Browser Fundamentals: Process Architecture, V8 Engine, Memory Management, Event Loop, Rendering, and Security

Browser Basics

Process Architecture

Process is the smallest unit of OS resource allocation, while Thread is the smallest unit of CPU scheduling.

A process is an instance of a program; when a program starts, the OS creates a memory region containing the code segment, data segment, and a Process Control Block (PCB).

The code segment stores program code; the data segment stores global and local variables; the PCB holds identifiers, CPU state, scheduling, and control information.

Any thread error in a process crashes the whole process.
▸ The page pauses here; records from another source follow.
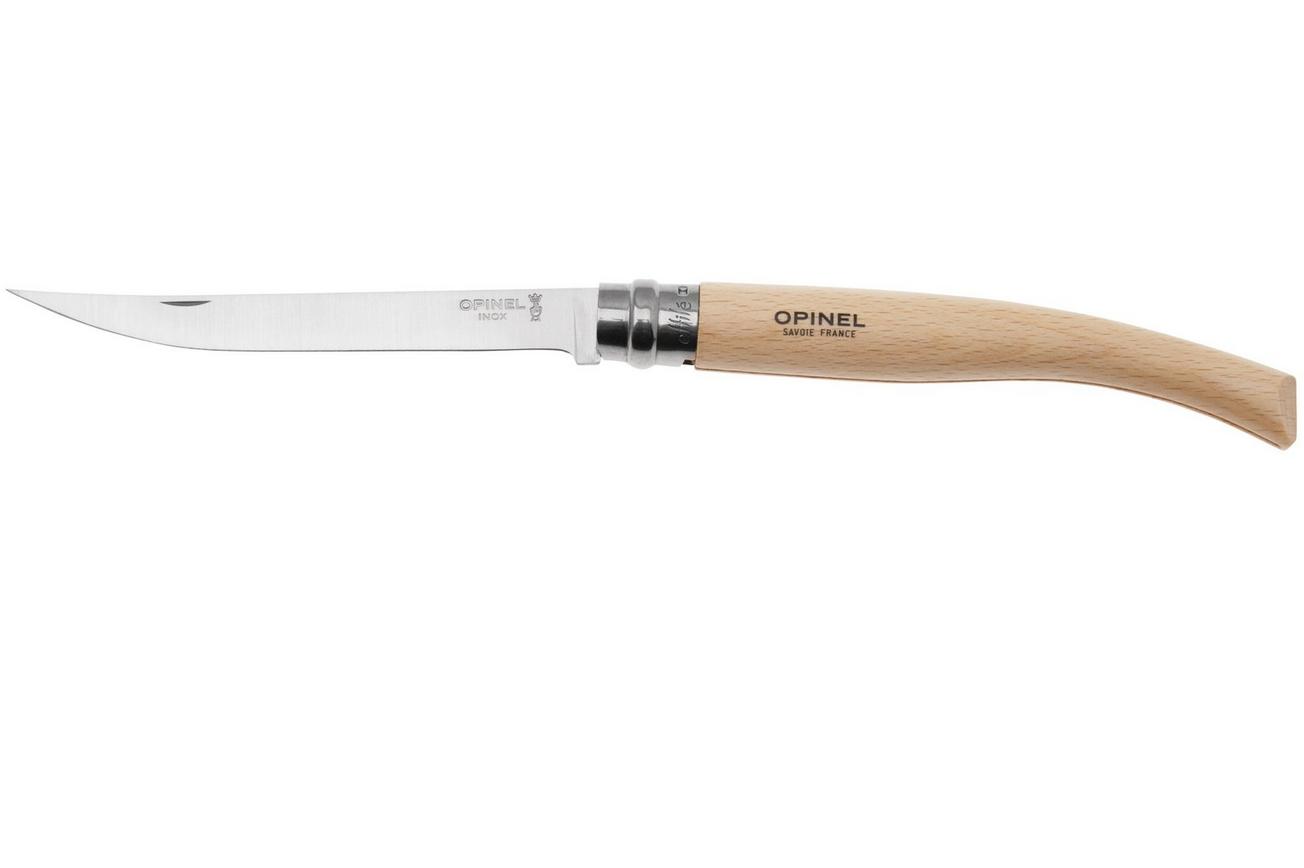 Opinel Effilé No. 12, 002560, beukenhout, zakmes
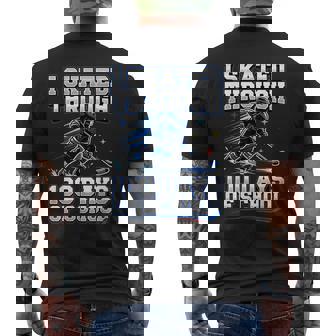 I Skated Through 100 Days Of School Ice Hockey 100Th Days Men's T-shirt Back Print | Seseable UK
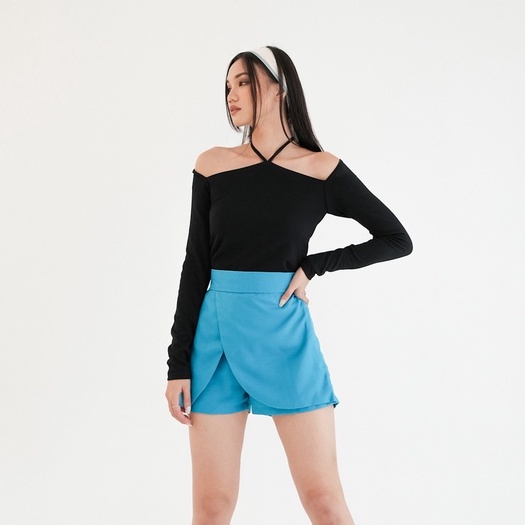 [TAVIA] DIANA KNIT TOP / BAJU WANITA LENGAN PANJANG /  BAJU CROP WANITA LENGAN PANJANG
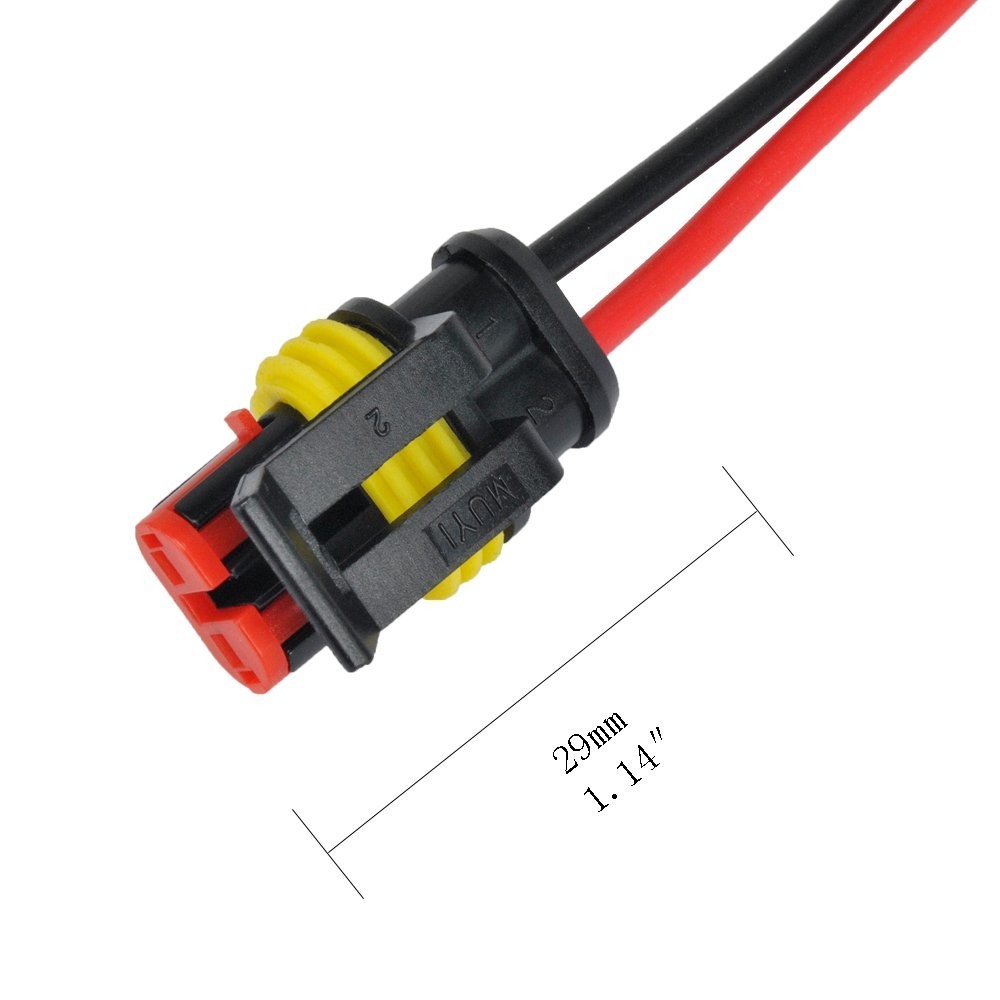 Waterproof 2Pin Connector Kit – 18AWG, Quick Connect & Disconnect, 10pcs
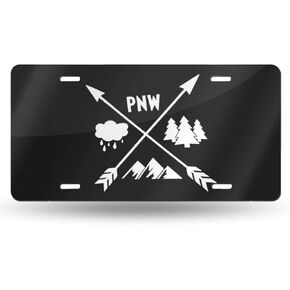 License Plate Music Notes and Daisy Flowers On Black Decorative Car Front License Plate,Vanity Tag,Metal Car Plate,Aluminum Novelty License Plate for Men/Women/Boy/Girls Car,6 X 12inch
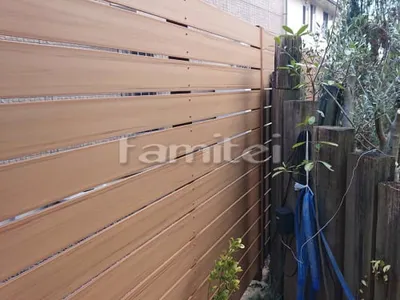 人工木・樹脂 フェンス（木調） F＆F マイティウッド ベーシック極 高尺タイプ 目隠し 木調・ラティス 樹脂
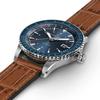 Hamilton Khaki Aviation Automatic Men's Watch, 42mm Stainless Steel Case, Swiss Made, Blue Dial Analog Wrist Watch for Men, 100m Waterproof, Sapphire Crystal, 3-Hand Movement, Cow Leather Strap view 2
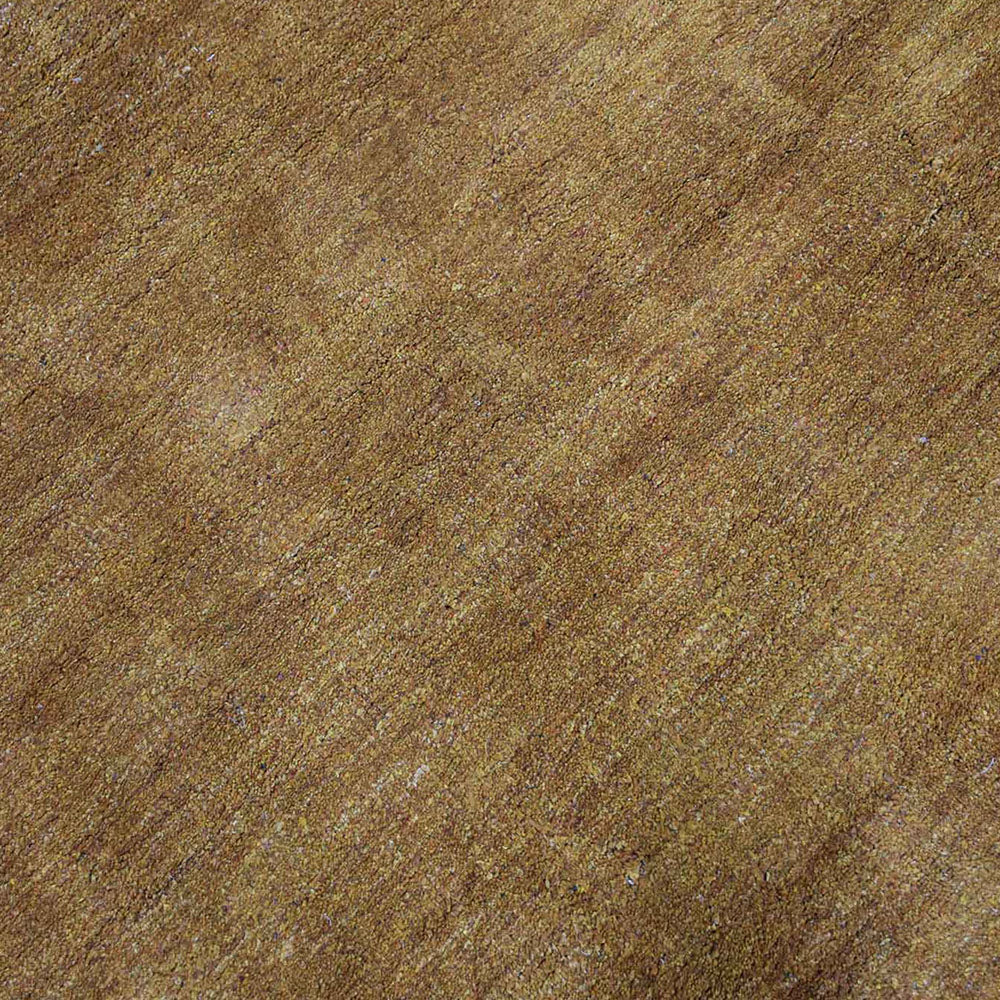 Solid Hand Knotted Silk Rug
Threads share the process's data.

When a process exits, the OS reclaims its memory.

Processes are isolated; inter‑process communication requires IPC mechanisms.

Single‑Process Browser

A single‑process browser runs networking, plugins, JavaScript, rendering engine, and pages in the same process, which historically caused instability, sluggishness, and security risks.
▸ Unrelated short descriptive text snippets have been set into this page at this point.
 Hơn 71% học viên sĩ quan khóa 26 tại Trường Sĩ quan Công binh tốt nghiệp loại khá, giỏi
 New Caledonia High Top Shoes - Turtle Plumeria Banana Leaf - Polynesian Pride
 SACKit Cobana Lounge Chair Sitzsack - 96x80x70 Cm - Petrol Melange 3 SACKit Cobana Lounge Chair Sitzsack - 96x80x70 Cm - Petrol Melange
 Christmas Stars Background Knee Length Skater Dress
Instability: a crash in any module brings down the whole browser.

Sluggishness: all modules share one thread, so only one can execute at a time; memory leaks also cause jank.

Security: plugins written in C/C++ can access any OS resource, potentially stealing data or executing malicious code.

Multi‑Process Browser

Modern browsers (e.g., Chrome) separate functionality into distinct processes: a browser (UI) process, rendering processes, plugin processes, and a GPU process.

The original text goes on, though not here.